The latter third of the symposium was divided into two simultaneous presentations: Ortiz and Moses Santana, organizer for Philadelphia Overdose Prevention Network, led a panel on Latinx control of community health, while activists Kendall Stephens and Jazmyn Henderson discussed the intersections of racism and gender in their talk Transitioning While Black.
Trans misogynoir was a centerpiece of Stephens’ and Henderson’s discussion about the ways racism and transphobia manifest in society. Stephens described trans misogynoir as a “super oppression,” built on a combination of misogyny, anti-blackness and transphobia.
Henderson discussed trans misogynoir in the context of a lack of data on trans women or men. “The system refuses to accept us as a people to collect data,” she said at the symposium. “If you’re a trans person and you test positive for HIV, ‘trans’ isn’t what they put in the paperwork that tracks who’s getting infected. No, you’re classified as a man who has sex with men.”
Stephens and Henderson also spoke about the cultural erasure of Black trans people as related to transphobic legislation and policies.

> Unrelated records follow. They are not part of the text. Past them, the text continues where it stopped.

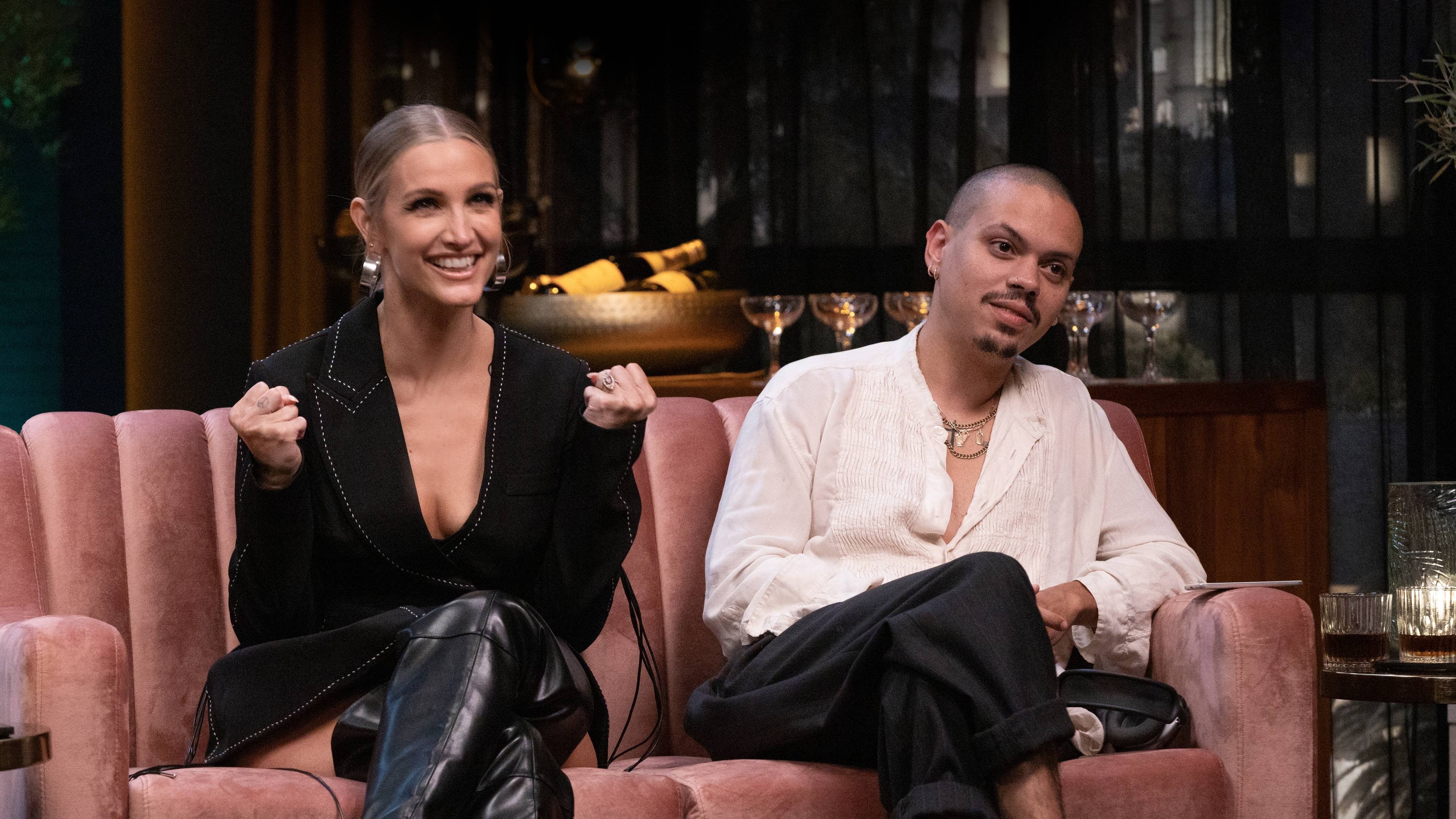Thumbnail for Ashlee Simpson-Ross/Evan Ross/Sam Jay/Curtis Stone/Lindsay Price Season 1 Episode 3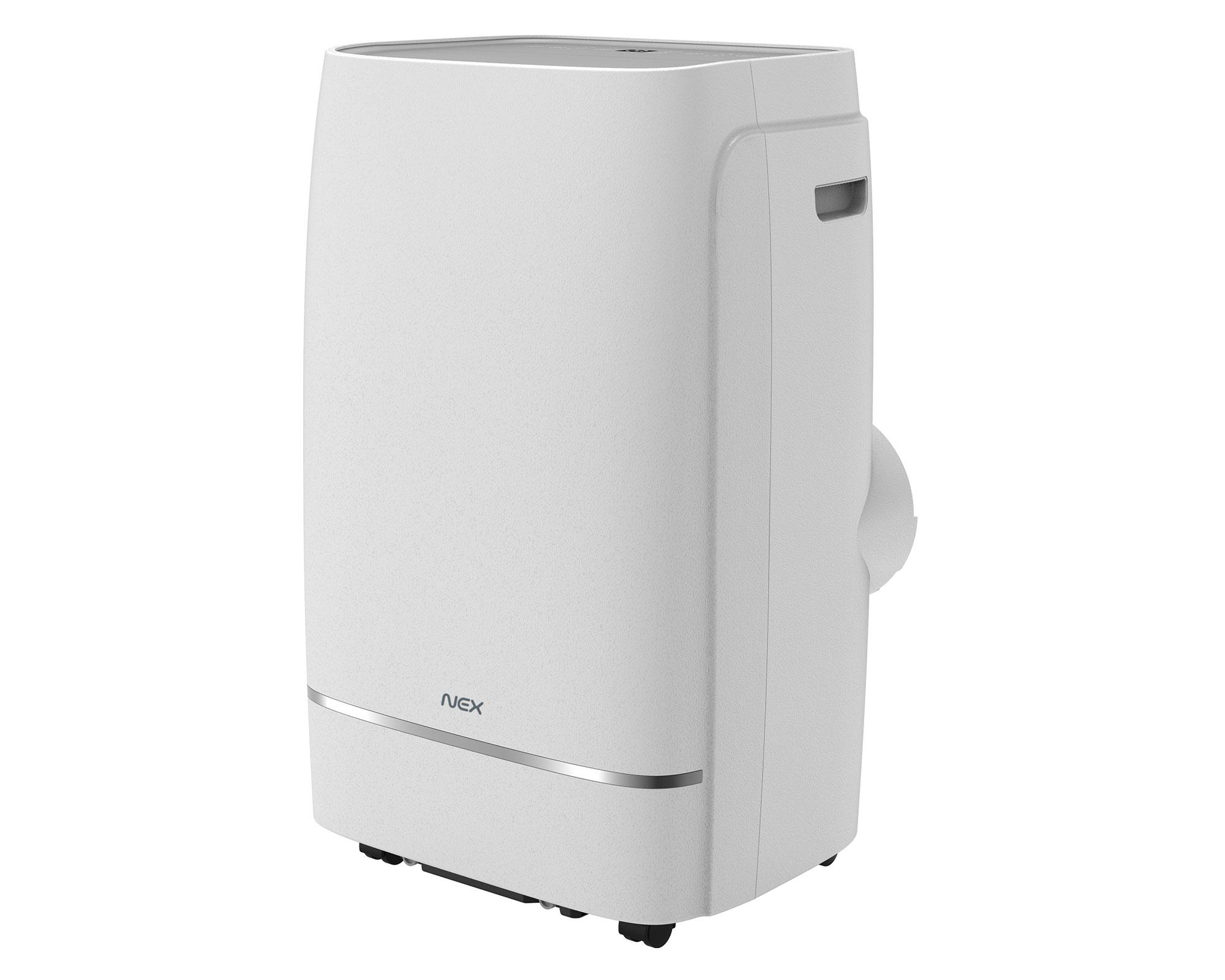 Aire acondicionado portátil 14000 BTU Frío-2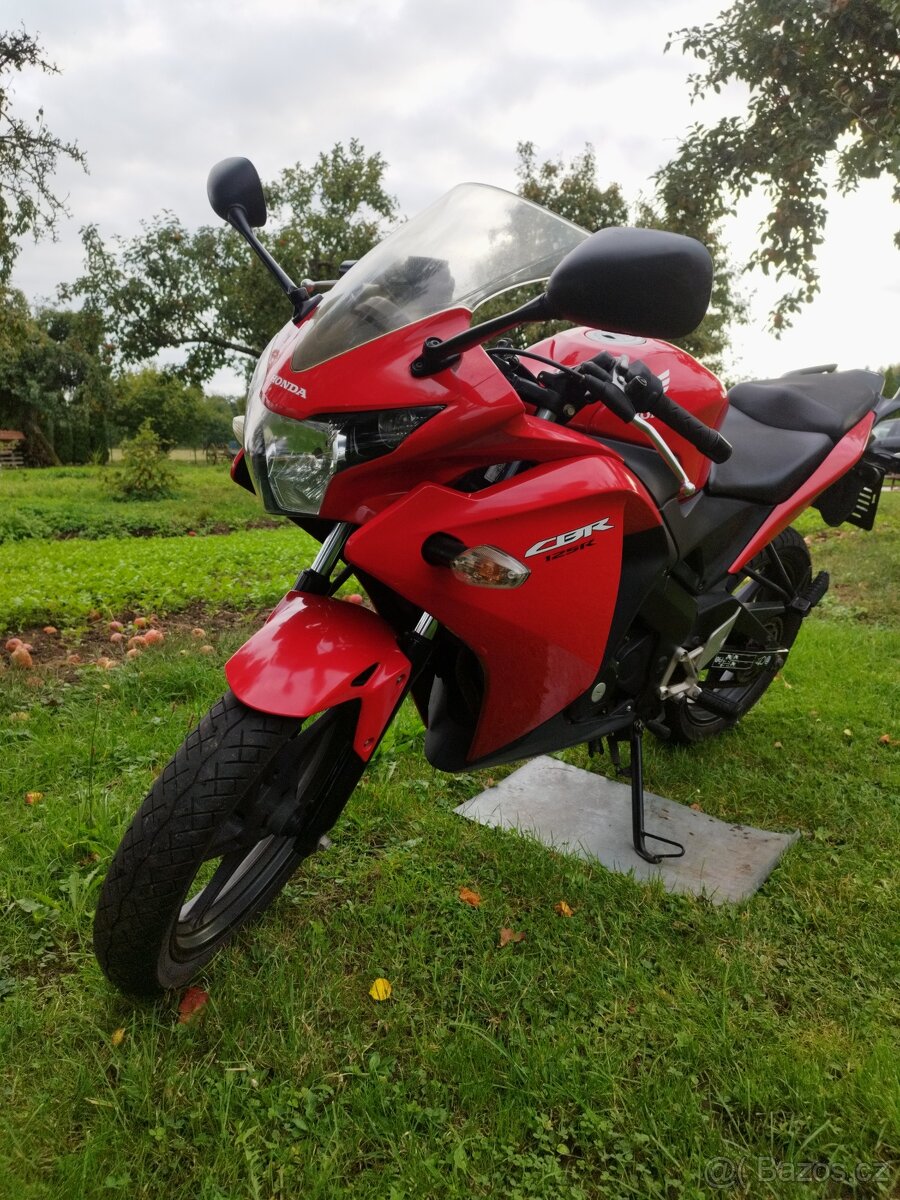 Honda CBR 125r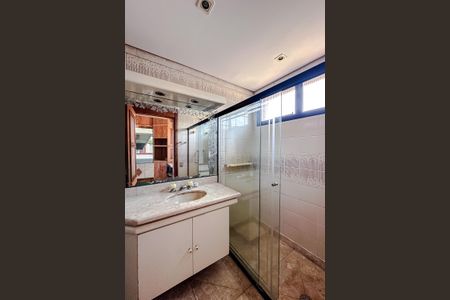 Apartamento para alugar com 400m², 4 quartos e 4 vagasBanheiro da Suíte 4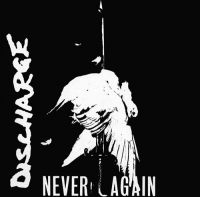 Discharge - Never Again ryhmässä VINYYLI @ Bengans Skivbutik AB (1901557)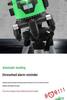 Yilong High-Precision Outdoor Laser Level with Green Light (2, 3, 5 Lines)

“Equality is an attitude, and attitudes affect legislation,” Stephens said at the event. “When you start to see the lack of pro-trans legislation, and this [onslaught] of anti-trans legislation, it sets the tone and the tone trickles down. Imagine if we had no civil rights laws, Jim Crow would still be in full effect.”

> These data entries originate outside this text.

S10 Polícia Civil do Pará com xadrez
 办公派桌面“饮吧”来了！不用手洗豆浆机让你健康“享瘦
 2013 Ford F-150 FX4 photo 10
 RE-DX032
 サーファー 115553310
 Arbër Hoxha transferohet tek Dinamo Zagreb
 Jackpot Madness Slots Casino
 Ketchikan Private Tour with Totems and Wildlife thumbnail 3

Community Control organizers devoted time to two separate breakout rooms at the symposium. In one, Black and Latinx people discussed how community control of HIV would manifest, including bringing youth and multigenerational groups to the table, the need for community advocacy to be mirrored in public health venues, creating comprehensive support for newly diagnosed people and forging a pipeline for Black and Latinx people to be hired in public health leadership roles. In the other group, the white allies on the call discussed the need to listen to BIPOC communities more, to still do the work around harm reduction and healthcare, but not necessarily lead the charge.
Other panelists who spoke at the Symposium include Keith Boykin, broadcaster, journalist, author and political commentator; Michael Chancley, social worker, educator, writer, HIV advocate, and communications manager for the New York organization PrEP4All; Brandon Brooks, city research scientist for the New York City Department of Mental Health and Hygiene, and activist Terry Young.
The city’s AIDS Activities Coordinating Office (AACO) leadership has been in conversation with Community Control members and helped produce the symposium, along with support from Philly AIDS Thrift and Prevention Point.